Is there a way out? Yes, there is. It is in the word- No. Learn to say No.  And believe me, in our culture that is obsessed with obedience, it is not easy.
But, without this art, you will be overloaded with requests and assignments, and continuously overworked and missing deadlines, the quality of your work will slip, and you will take on assignments that you don’t enjoy and that don’t pay enough for the time you spend on them.
By saying “no”, although you might feel that others will feel offended, you are also sending a strong message that you value your time, that you have priorities, and that you also respect the person to whom you’re saying no, as you don’t want to commit to something and then do a lousy job or not do it at all.
Now the question arises, should you say “no” to everything that comes your way? Of course not .But it’s also important that you know what you can handle, what you really want to work on, and whether the current request you’re considering fits within your priorities.
If you have trouble saying “no”, here are a few tips to try out.
Yes, sure but…
It may sound counterintuitive, but try moving from Yes to No. Do it as a form of mental judo. You say “yes” to the request and then say “Sure, but I am too caught up right now can you get back to me on this in a month or so? I don’t want to commit to it unless I can actually do a great job on it.” Believe me, if you have the courage and diplomacy to say that no boss in the world will be mad at you.You are not turning down your boss outright, but are putting the ball back in hiscourt. However,say these things if you are sincere about wanting to do it, but can’t do it right now. This takes the burden of action off of you for the moment, without having to actually say no.
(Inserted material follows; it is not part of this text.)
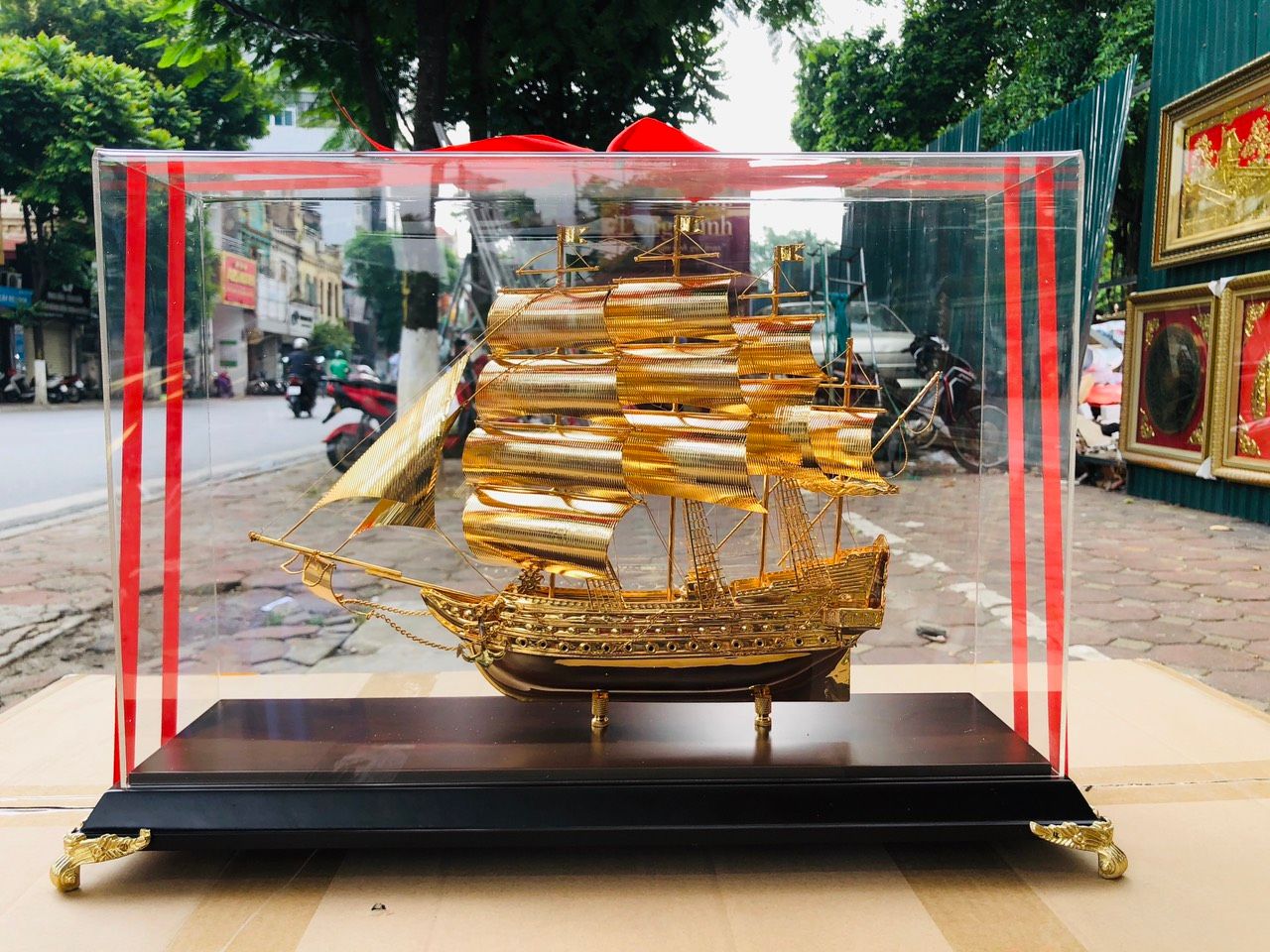 Mô Hình Thuyền Buồm Mạ Vàng 24K - S49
You send the message that this sounds like a great  assignmentto you, but you just can’t because of your schedule or other commitments. Instead of rejecting outright, suggest alternatives to help the other person out.
First Things First:
In order to know when to say no, you need to know what’s on your plate. You should have a running list of all your current tasks as well as an action task list, made up not of projects but of concrete action steps you need to complete in the next week or so. Once you see this list of all your commitments, you can decide whether the request can fit into your schedule, and if it’s of high enough priority to place on your list of commitments. Guard that list carefully, and only add stuff on there if they are essential. Just focus on the important tasks, first things first.
Time is money:
One reason a lot of people can’t say no is that they feel that their time is not as valuable as someone else’s time. For example, if someone asks you to do something that they could easily do themselves, and you say yes, you are in effect saying that their time is more valuable than yours – or else why would you do it instead of them? Learn to value your time – you only have a finite amount of it, and it’s perhaps your most valuable asset – and learn to show others that you value it by not taking on requests that don’t actually need to be done by you.
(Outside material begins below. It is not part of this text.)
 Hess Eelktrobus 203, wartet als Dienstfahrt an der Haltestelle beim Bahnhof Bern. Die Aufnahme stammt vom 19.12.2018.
Put it on the back burner:
Sometimes it is better to just defer and say “My plate is really full right now. Could you ping me in two weeks on this?” The other party may actually put a reminder in its calendar to ping you in two weeks. If not, it might forget about it. Sometimes, if you defer twice in a row, the other person will give up. But it’s not good to defer too many times on a single request, as it makes you look bad. After two deferrals, on the third request, you should give a definite answer.
Be polite, but firm:
Ever since our childhood we are so obsessed with being obedient and saying yes to everything that saying no amounts to being disobedient. One mistake a lot of people make is being too nice, and too wishy-washy. If you speak like that you may appear to be wavering. If you respond like that, a strong person will continue to press that request until you say yes, because they think there’s a chance you are going to change your mind. You have to make it clear, if you say no, that you’re not going to change your mind. But don’t be rude about it. A simple, “No, I just can’t right now” will suffice.
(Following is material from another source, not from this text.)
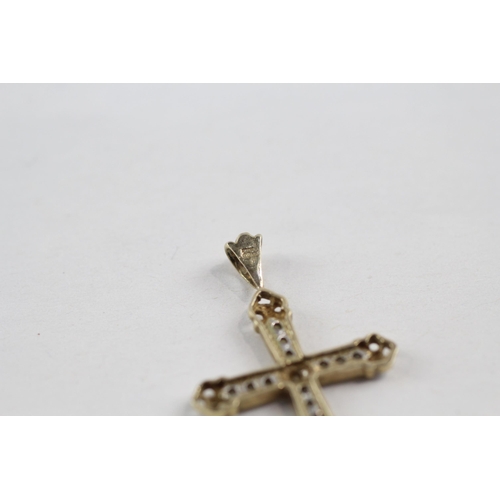 171 - 9ct gold diamond cross pendant (1.5g)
Pre-empt. If you think that a request is likely to be made, it’s easier to tell people you’re busy before the request is actually made. If you’re meeting with someone, you could say something like, “Before we get started, I have to let you know that my schedule is booked solid for a month, so I won’t be taking on any new projects for at least 30 days.” That will warn the person about to make a request, and they cannot blame you if you say no to a request.
Never apologize:
Never say,” I am sorry”. Again, you have to respect your time. If you apologize, you are sending the message that you are doing something wrong by saying no, that somehow you don’t have a strong right to say no. It’s very tempting to apologize, I know. We often say things like, “I’m sorry, but …” or “I wish I could, I’m so sorry” just because we’re uncomfortable giving an outright no. But again, you are sending the wrong message.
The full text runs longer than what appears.